This implementation addresses several critical production requirements. The exponential backoff calculation doubles the delay with each attempt while capping it at a maximum value to prevent indefinite delays. Jitter adds randomness to prevent synchronized retries across multiple clients. The circuit breaker tracks failure rates per endpoint and temporarily stops sending requests to consistently failing services, preventing wasted resources and allowing time for recovery.

Circuit Breaker Pattern for Webhook Resilience

The circuit breaker pattern is essential for webhook retry logic at scale.

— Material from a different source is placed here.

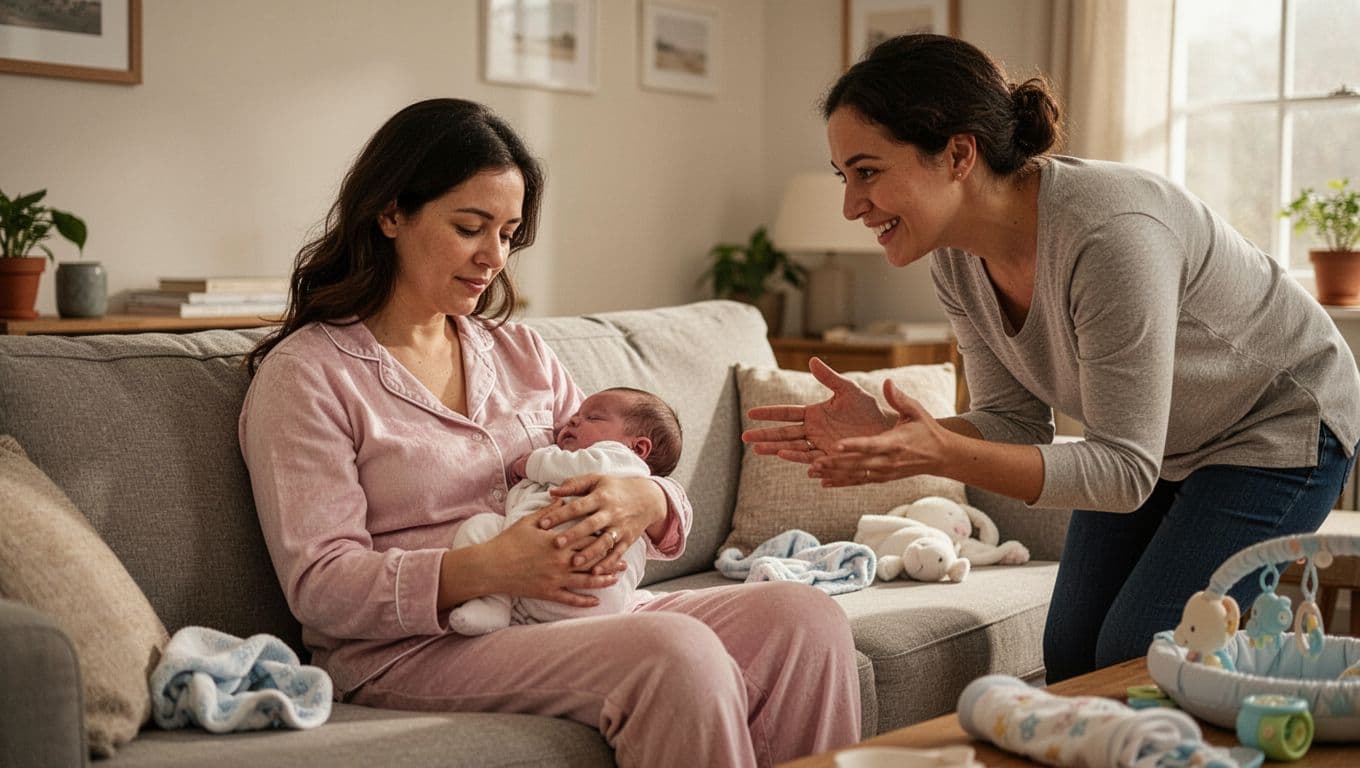 Tired mom in pajamas holds newborn on couch as nosy relative leans forward smiling and gesturing.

It prevents your system from repeatedly attempting to deliver webhooks to endpoints that are clearly down, reducing load on both your infrastructure and the failing service.

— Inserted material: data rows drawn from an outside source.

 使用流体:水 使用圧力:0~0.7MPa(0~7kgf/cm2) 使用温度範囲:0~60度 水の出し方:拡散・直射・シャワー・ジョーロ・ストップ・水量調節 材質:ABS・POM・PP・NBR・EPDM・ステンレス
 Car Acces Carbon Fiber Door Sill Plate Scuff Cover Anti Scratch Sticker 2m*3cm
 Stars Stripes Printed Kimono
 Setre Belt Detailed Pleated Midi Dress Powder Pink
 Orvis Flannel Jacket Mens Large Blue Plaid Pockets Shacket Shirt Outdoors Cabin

interface CircuitBreakerConfig {
  failureThreshold: number;
  resetTimeoutMs: number;
  halfOpenMaxAttempts: number;
}

enum CircuitState {
  CLOSED = 'CLOSED',
  OPEN = 'OPEN',
  HALF_OPEN = 'HALF_OPEN'
}

class CircuitBreaker {
  private states: Map<string, {
    state: CircuitState;
    failures: number;
    lastFailureTime: number;
    halfOpenAttempts: number;
  }>;
  private config: CircuitBreakerConfig;

  constructor(config: CircuitBreakerConfig) {
    this.states = new Map();
    this.config = {
      failureThreshold: 5,
      resetTimeoutMs: 60000,
      halfOpenMaxAttempts: 3,
      ...config
    };
  }

  isOpen(endpoint: string): boolean {
    const state = this.getState(endpoint);

    if (state.state === CircuitState.OPEN) {
      const timeSinceLastFailure = Date.now() - state.lastFailureTime;

      // Transition to half-open after reset timeout
      if (timeSinceLastFailure >= this.config.resetTimeoutMs) {
        state.state = CircuitState.HALF_OPEN;
        state.halfOpenAttempts = 0;
        return false;
      }

      return true;
    }

    return false;
  }

  recordSuccess(endpoint: string): void {
    const state = this.getState(endpoint);

    if (state.state === CircuitState.HALF_OPEN) {
      // Successful delivery in half-open state - close the circuit
      state.state = CircuitState.CLOSED;
      state.failures = 0;
      state.halfOpenAttempts = 0;
    } else if (state.state === CircuitState.CLOSED) {
      // Reset failure count on success
      state.failures = 0;
    }
  }

  recordFailure(endpoint: string): void {
    const state = this.getState(endpoint);
    state.failures++;
    state.lastFailureTime = Date.now();

    if (state.state === CircuitState.HALF_OPEN) {
      state.halfOpenAttempts++;

      if (state.halfOpenAttempts >= this.config.halfOpenMaxAttempts) {
        state.state = CircuitState.OPEN;
      }
    } else if (state.state === CircuitState.CLOSED) {
      if (state.failures >= this.config.failureThreshold) {
        state.state = CircuitState.OPEN;
        console.warn(`Circuit breaker opened for ${endpoint}`, {
          failures: state.failures,
          threshold: this.config.failureThreshold
        });
      }
    }
  }

  private getState(endpoint: string) {
    if (!this.states.has(endpoint)) {
      this.states.set(endpoint, {
        state: CircuitState.CLOSED,
        failures: 0,
        lastFailureTime: 0,
        halfOpenAttempts: 0
      });
    }
    return this.states.get(endpoint)!;
  }

  getMetrics(endpoint: string) {
    return this.getState(endpoint);
  }
}

The circuit breaker maintains three states: closed (normal operation), open (blocking requests), and half-open (testing recovery). When failures exceed the threshold, it opens the circuit and stops delivery attempts. After a reset timeout, it enters half-open state to test if the service has recovered. A successful delivery closes the circuit; continued failures reopen it.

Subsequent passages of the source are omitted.